After my first taste test, I found myself on a mailing list to invite participants to upcoming tests. I halfheartedly attempted to sign up for a testing of lunchmeat, but I wasn’t chosen for that study–perhaps my lack of interest showed through in my pre-test. (“How often do you eat lunchmeat?” “NEVER.”)
But happily I was invited to join a chocolate test. This one was radically different from my first experience, starting with the staging: rather than perching on stools in a kitchen lab or studio, we were seated at tables of shiny dark wood in the university’s lounge, replete with a bar and soft, warm lighting. I wonder how instrumental this location was to the test, which asked not only for taste descriptors and whether we liked each sample, but for a sense the chocolate’s relative value. A bar of chocolate in a plain wrapper rested on each table: we were told firmly not to eat or touch the bars, but to consider them a reference point for the questions for each sample which asked whether we’d pay X amount for a bar of that size.

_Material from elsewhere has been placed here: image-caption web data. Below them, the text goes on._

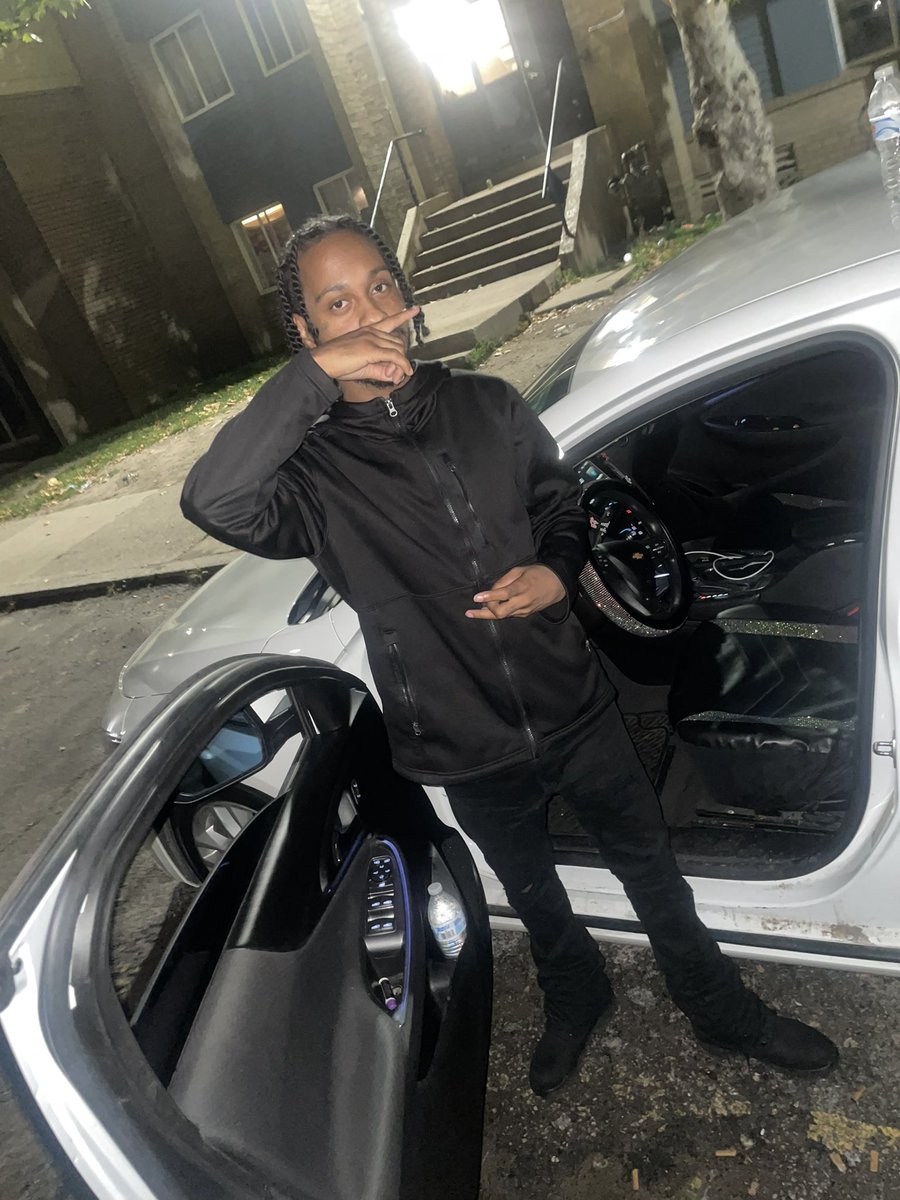 CallEmMax's tweet photo. Trenches made me I’m solidified 🖤🐍 #RSB https://t.co/ZcXBv3bEhK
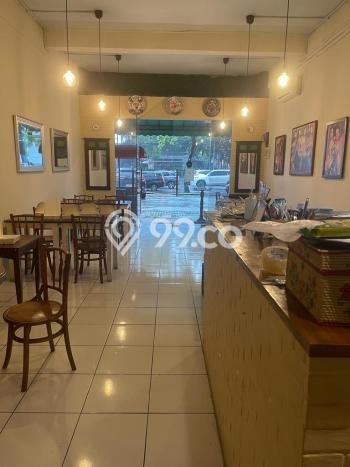 Ruko Dijual di Jakarta Selatan LT 82m2 & LB 200m2 Lokasi Terbaik! Ruko Dijual di Jakarta Selatan LT 82m2 & LB 200m2 Lokasi Terbaik!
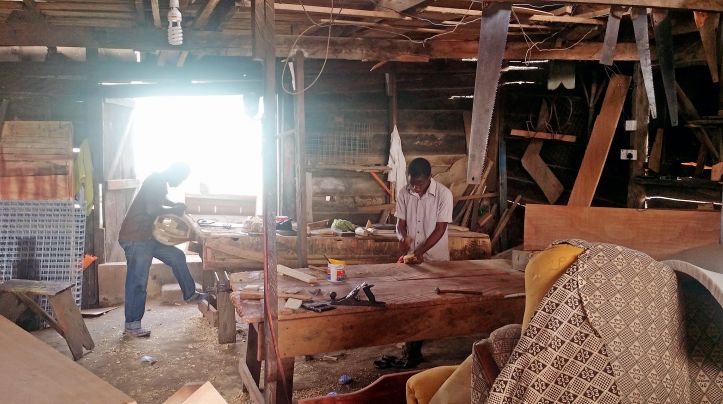 加纳的一家棺材铺.摄影/刘冰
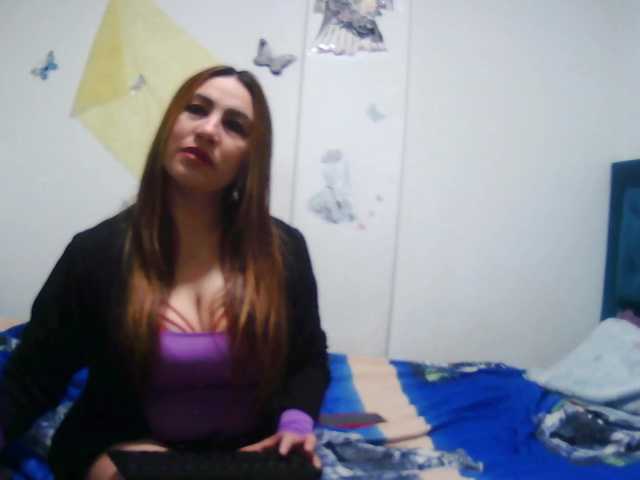 Addystuart- live cam on BongaCams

For each round, we were given a small square of chocolate to consider. We could indicate whether we liked it or not, whether or not we thought it worth the designated amount, and which of two pages of adjectives described the chocolate. There was also a place for notes, which I made use of, discovering that I found most of the chocolates too buttery and rich (I prefer dark and bitter) but that I’d be willing to cook or bake with a bar if the price was right.

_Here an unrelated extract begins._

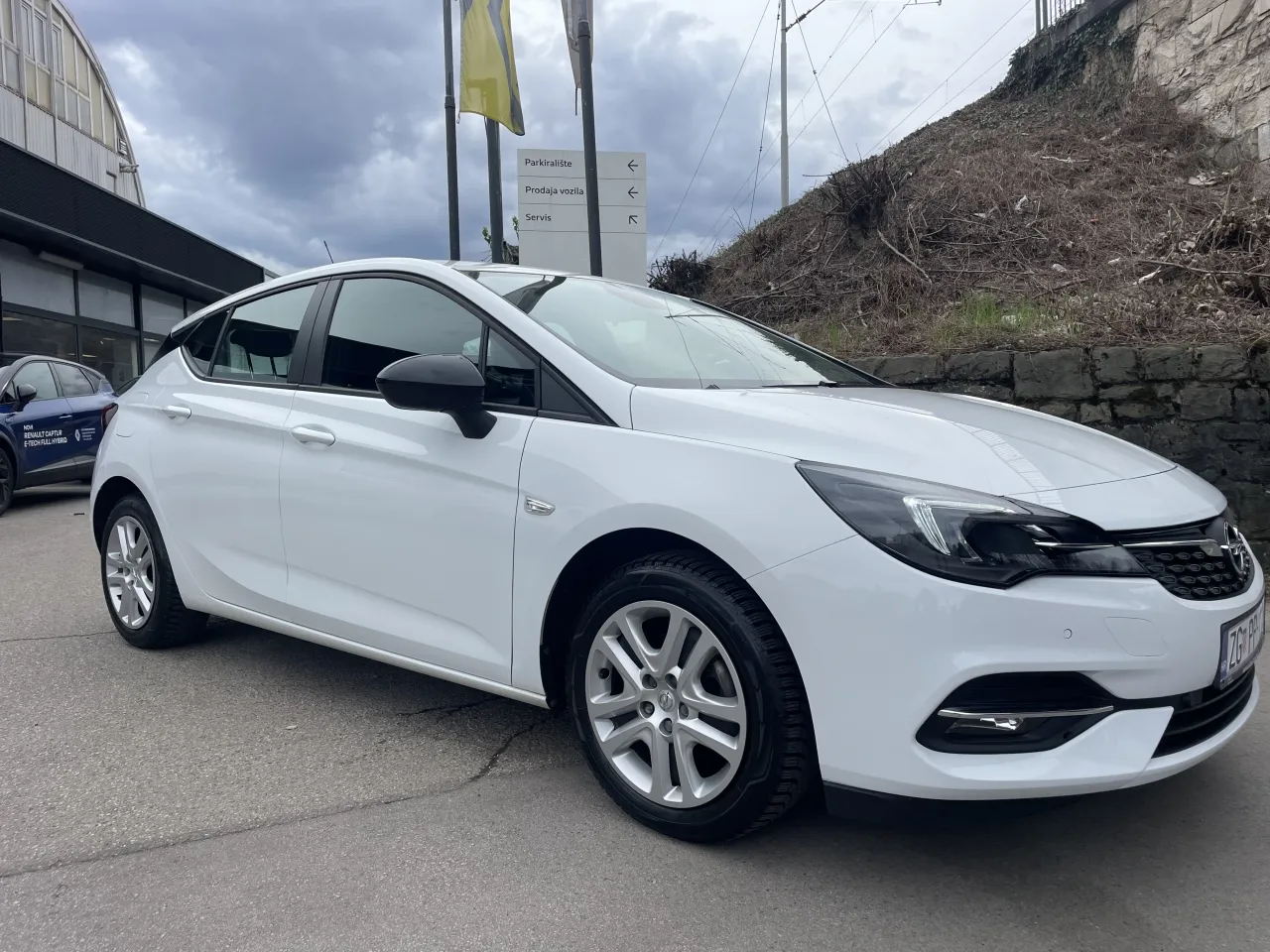 opel astra 1,5 d edition - slika 3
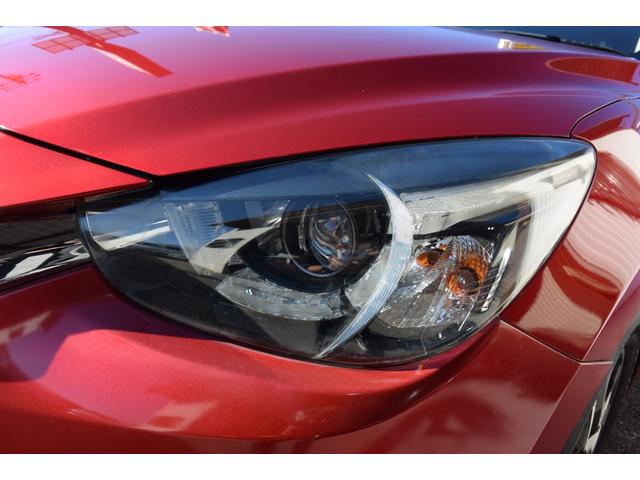 デミオ ＸＤツーリング　禁煙車　純正ナビ　バックカメラ　フルセグＴＶ　ＬＥＤヘッドライト　クルーズコントロール　ＤＶＤ再生　パドルシフト　ブラウンシートカバー　プッシュスタート　フロアマット　サイドバイザー　純正１６ＡＷ（26枚目）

The chocolate was not particularly to my liking, and some my responses were cavalier, but I noticed that I felt a little anxious during this procedure. Two pages of taste descriptors gave some options that you’d expect–is the chocolate creamy? salty? does it taste of caramel or hazelnut? Is it soft or does it have a bite?–as well as some surprising but reasonable options (is it rancid or oily? Is there a bitter aftertaste?). There were also a number of options that I couldn’t taste in any of the samples, or wasn’t sure how to detect: vanilla tones, woody notes. I felt a little like some people might when they feel they must “learn” wine; I wondered if my palate was dull or uneducated in the finer notes of chocolate. Should I be tasting woodsiness? Is that an acceptable complexity in chocolate?

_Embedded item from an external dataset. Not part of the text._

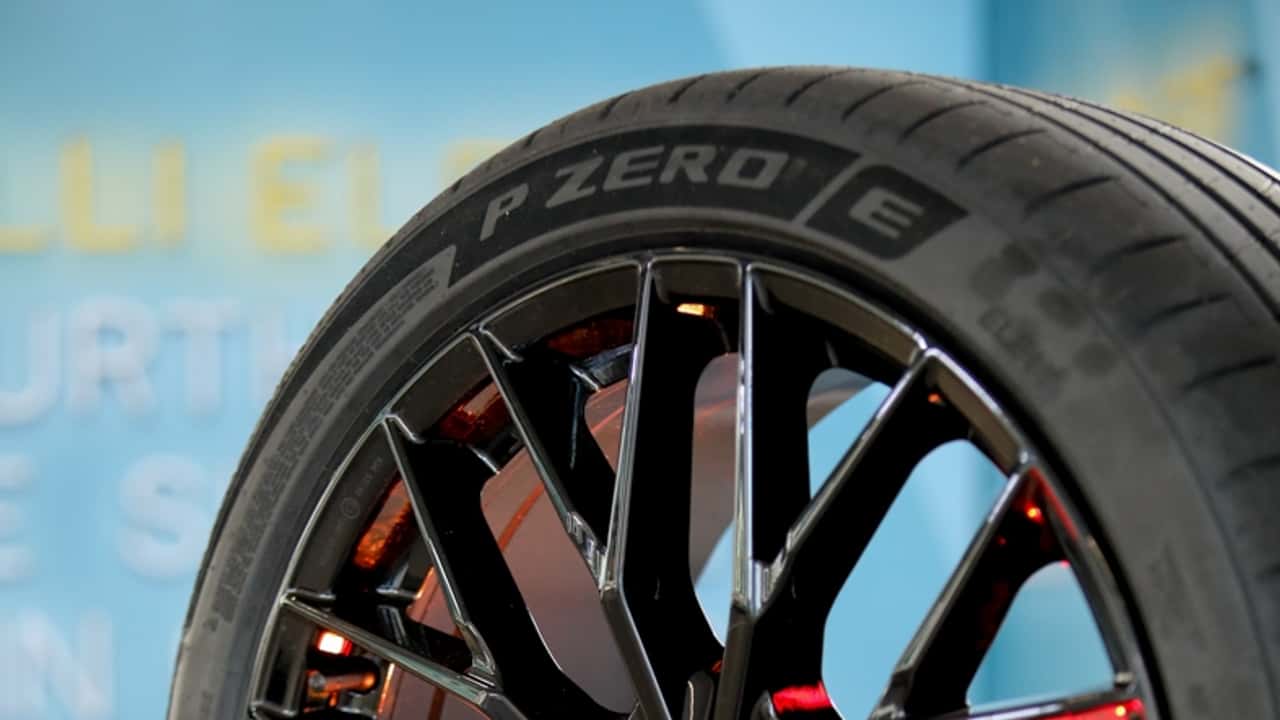 Pirelli P Zero E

I felt even more awkward when I stood up to leave, and I saw half-gnawed squares of chocolate in the dishes at many other tables. During each round I had popped the entire square in my mouth, letting it melt on my tongue and unfold its layers and aftertastes as it would. I had come in late, so it’s possible that I’d missed instructions or recommendations to nibble and abandon the samples, but in the absence of that information I felt that I had somehow been greedy or uncouth.
I left the lounge with $10 in cash for my trouble, a slight sickness of stomach from the dairy-rich chocolates, and a mind busy with class- and propriety-related implications of this eating and tasting.